We watch the balloons rise, one after another, an artificial landscape creating itself in minutes. Most of them are the usual inverted-pear shape, though each is distinctively patterned, many bearing advertising for fast-food chains, insurance companies, clothing brands. Some, like the piggy bank, are efforts at air-sculptures: a rabbit, moving van, wine bottle, a basketball topping a net. The largest, a vastly outsized tennis shoe, takes longest to inflate. As the fan storms, we stand gazing into the balloon's gaping interior, arched like a cave but as big as our house. When the fully-inflated shoe finally hangs in place above our heads, we stare up in wonder at its tread, the terrible upraised foot of a disembodied giant.
The crowd of spectators has been steadily growing, a cheerful congregation, many of them obviously balloon groupies well versed in the mechanics of lighter-than-air craft. We stand about peering upward, jostling one another amiably. Tony hops from foot to foot, humming and exclaiming over one balloon after another. As the fans blow life into the inert forms, Tony approaches the restless fabric, touches it gingerly with a finger, or in his exuberance wriggles his face into the yielding folds.
"I kissed it!" he shouts to us after one such encounter. "I kissed a dark balloon!"

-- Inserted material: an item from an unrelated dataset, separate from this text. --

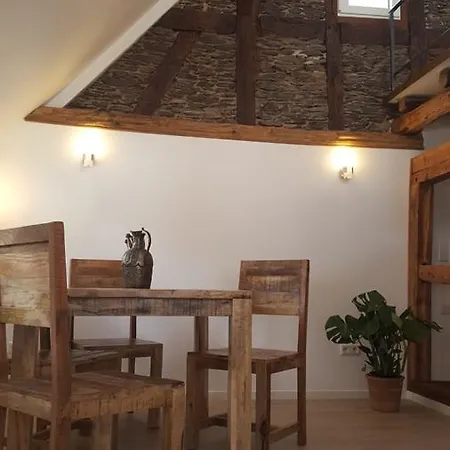 Сasa de vacaciones Ferienwohnung Cafe Sander's Engelshausschen Niederfell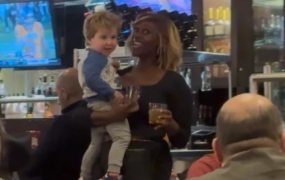 Over $10k raised for TGI Friday’s waitress filmed comforting toddler after he threw a tantrum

When six-week-old Tony arrived at Carol's foster home, he was not expected to live. "Failure to thrive," Carol told me later, over coffee at her kitchen table. I had heard the term before but, applied now to someone I had just met and liked enormously, it had a strange, sad ring to it. What do we expect of infants, after all? Not any social graces, certainly. No responsibility. Nothing except that they thrive. And Tony was failing at that one expectation. "And he's blind, they tell me." She smiled at me over the rim of her coffee cup -- her crooked smile, reserved for these vagaries of professional pronouncement. "They gave him pure oxygen, to save his life, and it blinded him, they say. Of course I tell them he sees fine, but. . .you know."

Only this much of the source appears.